====== EXERCISE DATA

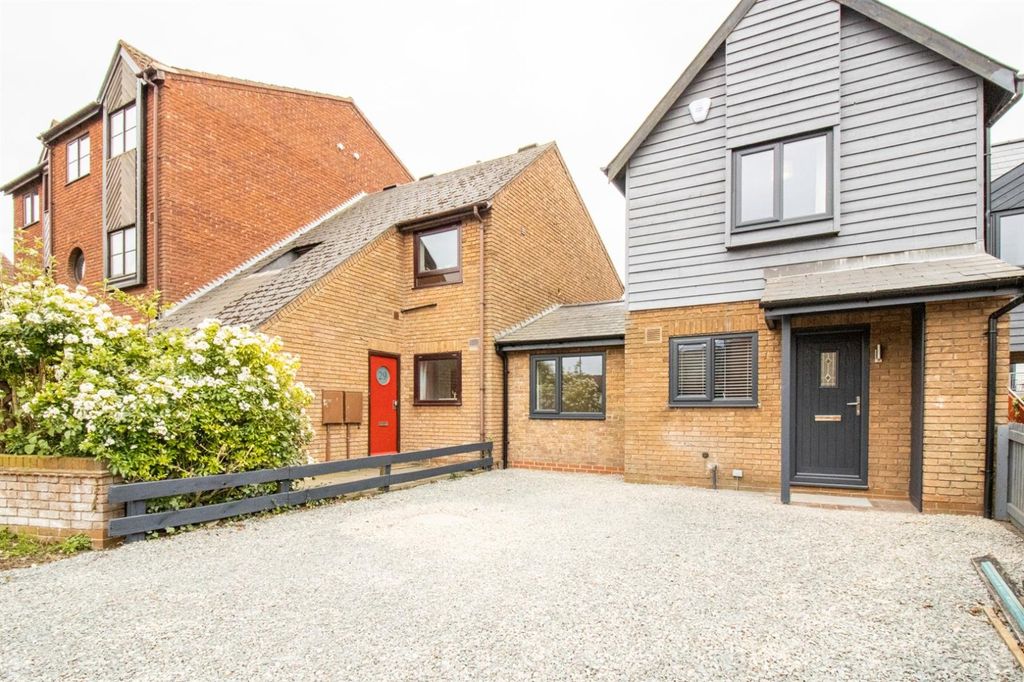 Property photo 1 of 10 Picture No. 01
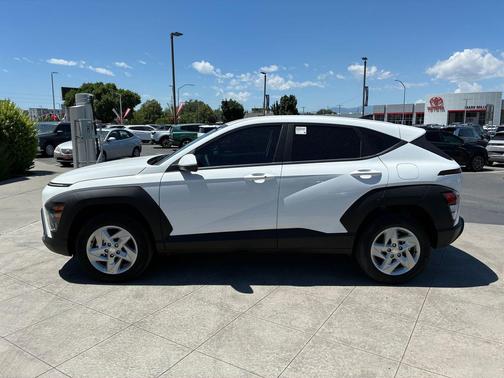 Atlas White 2025 Hyundai KONA SE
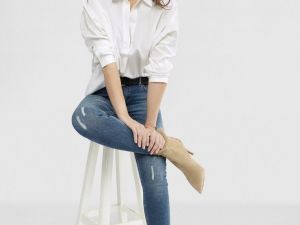 Aslı Enver yeni koleksiyon için kamera karşısına geçti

============

## REQUIRED ACTION
Write out the whole listing exactly. Pictures stay out.

## EXPECTED OUTPUT
 Property photo 1 of 10 Picture No. 01
 Atlas White 2025 Hyundai KONA SE
 Aslı Enver yeni koleksiyon için kamera karşısına geçti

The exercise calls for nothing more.